_What the exercise asks_. Print the entire listing below word for word, excluding its pictures.

*** Data for processing Section Begins ***

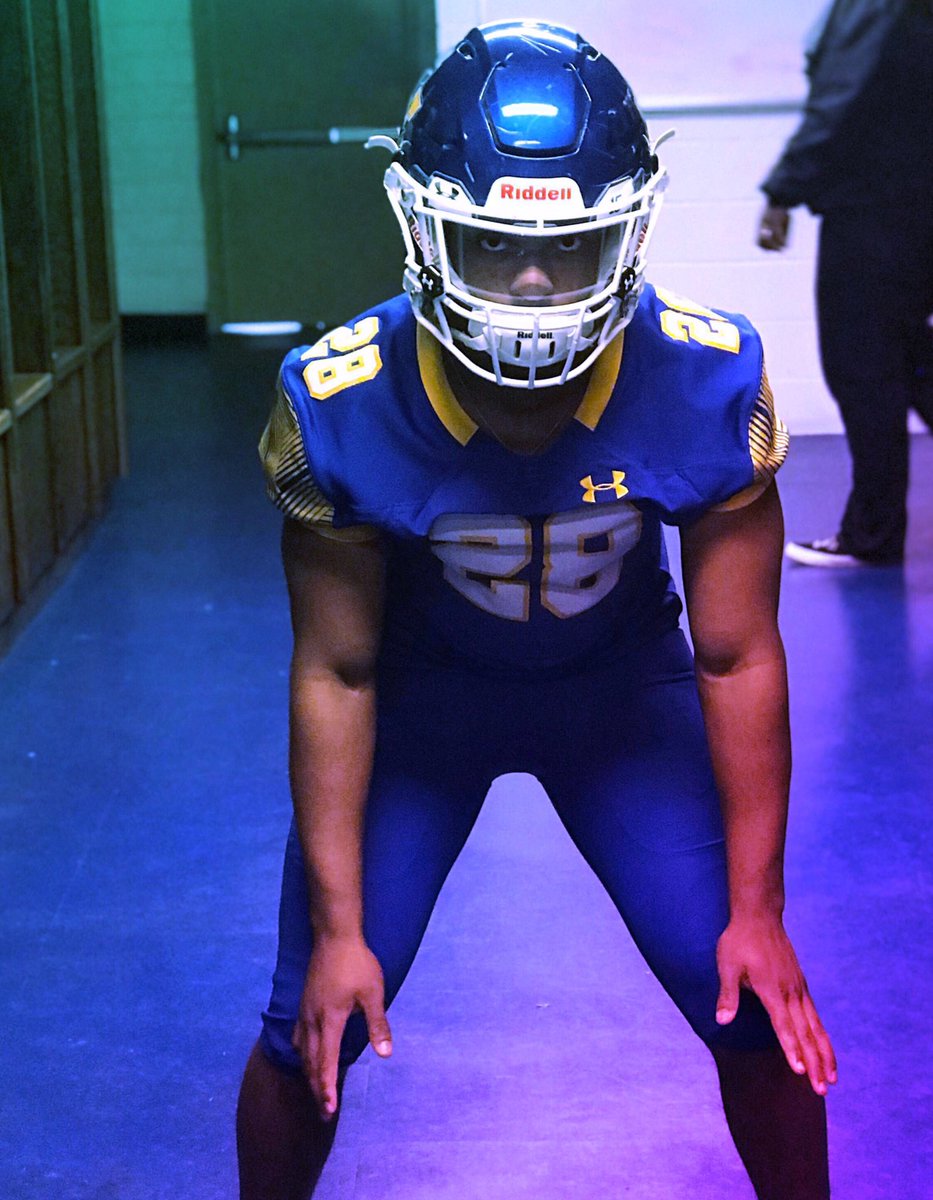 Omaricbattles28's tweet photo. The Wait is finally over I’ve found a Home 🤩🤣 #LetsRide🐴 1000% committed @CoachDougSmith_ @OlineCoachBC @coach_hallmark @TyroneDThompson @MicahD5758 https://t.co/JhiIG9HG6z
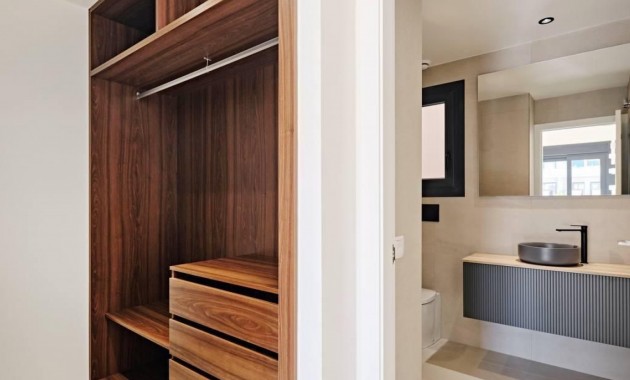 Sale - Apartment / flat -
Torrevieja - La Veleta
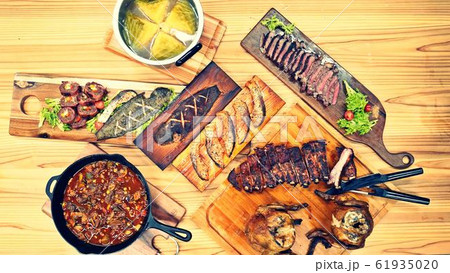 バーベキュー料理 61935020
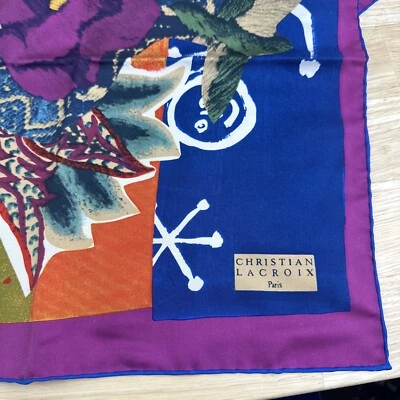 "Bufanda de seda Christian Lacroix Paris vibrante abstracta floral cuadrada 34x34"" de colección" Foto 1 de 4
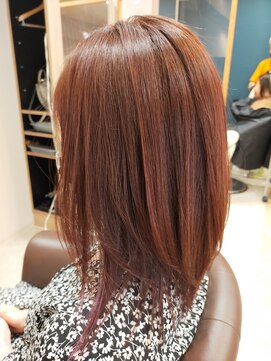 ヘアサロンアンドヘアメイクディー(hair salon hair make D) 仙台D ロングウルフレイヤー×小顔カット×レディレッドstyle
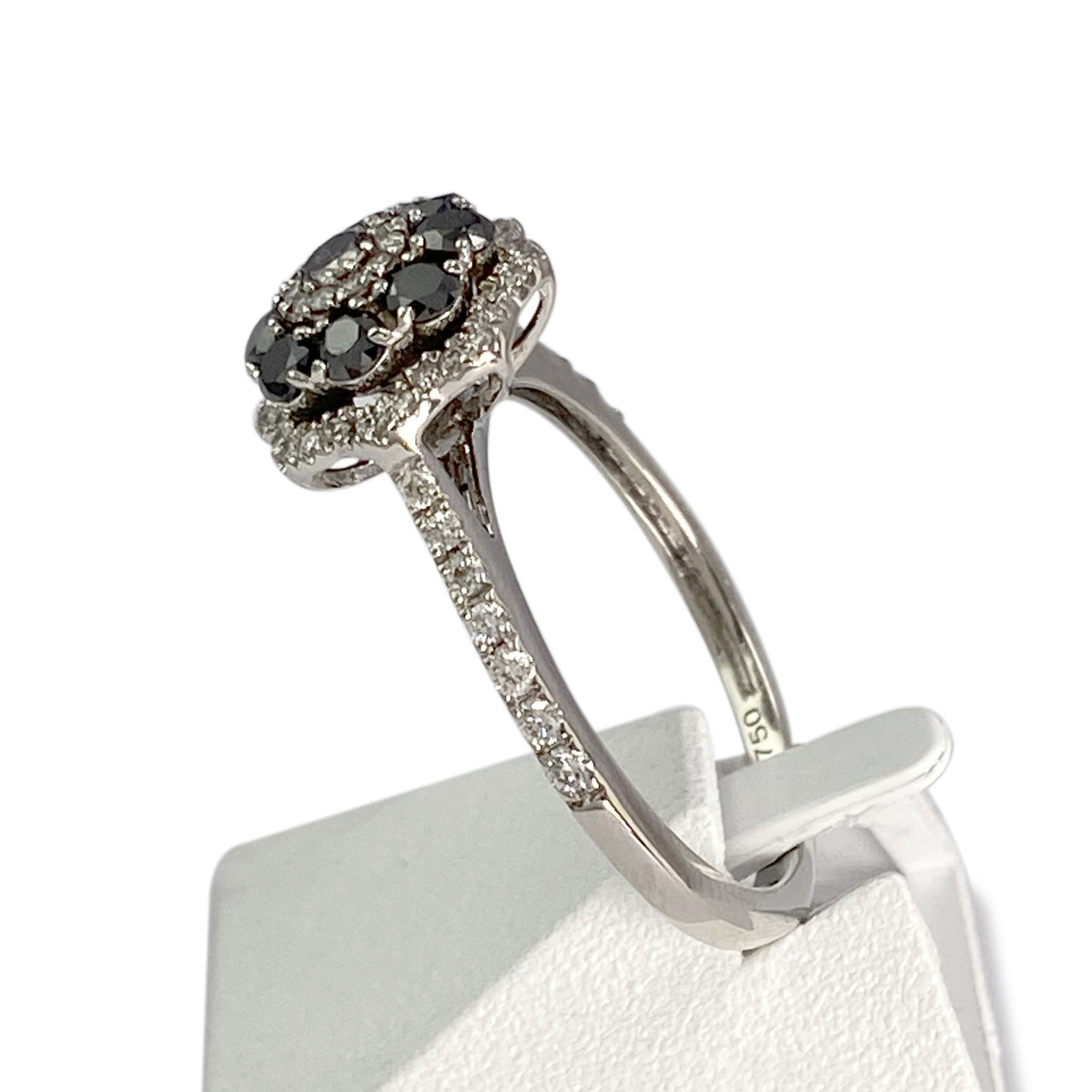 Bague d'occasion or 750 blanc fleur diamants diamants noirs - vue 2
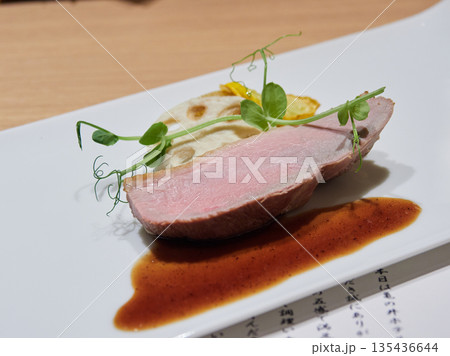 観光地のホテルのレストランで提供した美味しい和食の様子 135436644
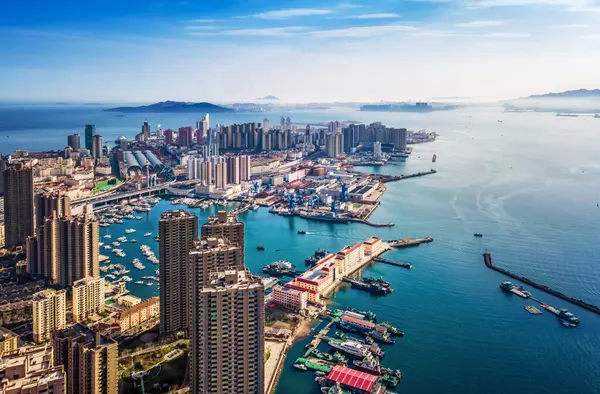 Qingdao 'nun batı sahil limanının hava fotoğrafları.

*** Data for processing Section Ends ***

_Solution to the exercise_.
 Omaricbattles28's tweet photo. The Wait is finally over I’ve found a Home 🤩🤣 #LetsRide🐴 1000% committed @CoachDougSmith_ @OlineCoachBC @coach_hallmark @TyroneDThompson @MicahD5758 https://t.co/JhiIG9HG6z
 Sale - Apartment / flat -
Torrevieja - La Veleta
 バーベキュー料理 61935020
 "Bufanda de seda Christian Lacroix Paris vibrante abstracta floral cuadrada 34x34"" de colección" Foto 1 de 4
 ヘアサロンアンドヘアメイクディー(hair salon hair make D) 仙台D ロングウルフレイヤー×小顔カット×レディレッドstyle
 Bague d'occasion or 750 blanc fleur diamants diamants noirs - vue 2
 観光地のホテルのレストランで提供した美味しい和食の様子 135436644
 Qingdao 'nun batı sahil limanının hava fotoğrafları.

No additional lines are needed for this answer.